The Department of Climate Change and Energy Efficiency has just released its latest emissions projections out to 2030. In spite of the introduction of a carbon price, Australia’s emissions will continue to rise to 2020 due largely to expansion in liquefied natural gas, as well as a bizarre one-year blip in emissions from land-use activities.
As illustrated in the chart below, it forecasts that even with a carbon price in place, Australia’s domestic emissions will rise by 13.7 per cent between 2010 and 2020, from 560.8 million tonnes of CO2 equivalent to 641 million. The difference to the government’s 2020 emission reduction target (5 per cent below 2000 emission levels) is made up by purchasing international carbon credits and permits.
Notably this is based on Treasury’s 2011 carbon price assumptions, which now appear to be unrealistically high. So it would seem likely that reliance on international abatement would be greater than currently projected.
Australia’s emissions 2013-2030 with and without the carbon price and interntational abatement
In delving into the detail we again see uncertainty around estimates of emissions from land-use change and forestry playing funny-buggers with the numbers. Just two years ago in the government’s communication to the United Nations about our emissions, they said emissions in 2000 (the baseline for emission reduction targets) were 553 million tonnes of CO2-equivalent. They’ve now revised that upwards to 565.5 million tonnes.
This doesn’t seem like much, but when you consider that total domestic abatement expected from the carbon price is 55 million, a revision upwards in your baseline of 13.5 million makes life a lot easier.
Further adding to concern around these numbers is that 25 per cent of the expected rise in domestic emissions between 2010 and 2020 is expected to occur in just a single year – this one. According to the projections data, half of this bizarre spike in emissions is due to an expected rise in deforestation and another quarter is due to agricultural emissions. Measurement around both of these emissions sources are subject to high levels of uncertainty.
If this large rise in emissions doesn’t actually eventuate, it will further noticeably reduce the amount of emission reductions required in sectors covered by the carbon price.

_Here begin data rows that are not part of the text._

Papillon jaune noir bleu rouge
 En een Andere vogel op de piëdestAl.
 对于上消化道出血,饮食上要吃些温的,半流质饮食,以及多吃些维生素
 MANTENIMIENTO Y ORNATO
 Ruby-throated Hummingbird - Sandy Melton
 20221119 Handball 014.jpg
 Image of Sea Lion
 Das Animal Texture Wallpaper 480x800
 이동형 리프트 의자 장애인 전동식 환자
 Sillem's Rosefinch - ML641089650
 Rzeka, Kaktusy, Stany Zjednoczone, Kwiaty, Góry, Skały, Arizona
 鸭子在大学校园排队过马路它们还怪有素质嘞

In terms of the overall picture, the chart below illustrates expected changes in emissions by sector from 2011 to 2020. Besides agriculture and deforestation, the other two big drivers of emission increases are direct combustion and fugitives (escaped methane from energy extraction). The oil and gas sector, predominantly new LNG projects, is responsible for 84 per cent of the rise in direct combustion emissions, and almost half the rise in fugitive emissions based on DCCEE projections.
Sectoral domestic emissions changes, 2011 to 2020
In light of LNG’s major role in Australia’s emissions growth, it is concerning that the WA environment minister has elected to remove a series of greenhouse gas control conditions on the Browse LNG project that were recommended by the WA EPA and supported by the Appeals Committee.
While the polls have narrowed between Labor and the Coalition at a federal level, there is a reasonable likelihood Australia won’t have a carbon price come 2016. This suggests there is a still an ongoing role for the environmental approvals processes to apply greenhouse gas abatement conditions on new projects expected to emit large amounts of greenhouse gas emissions.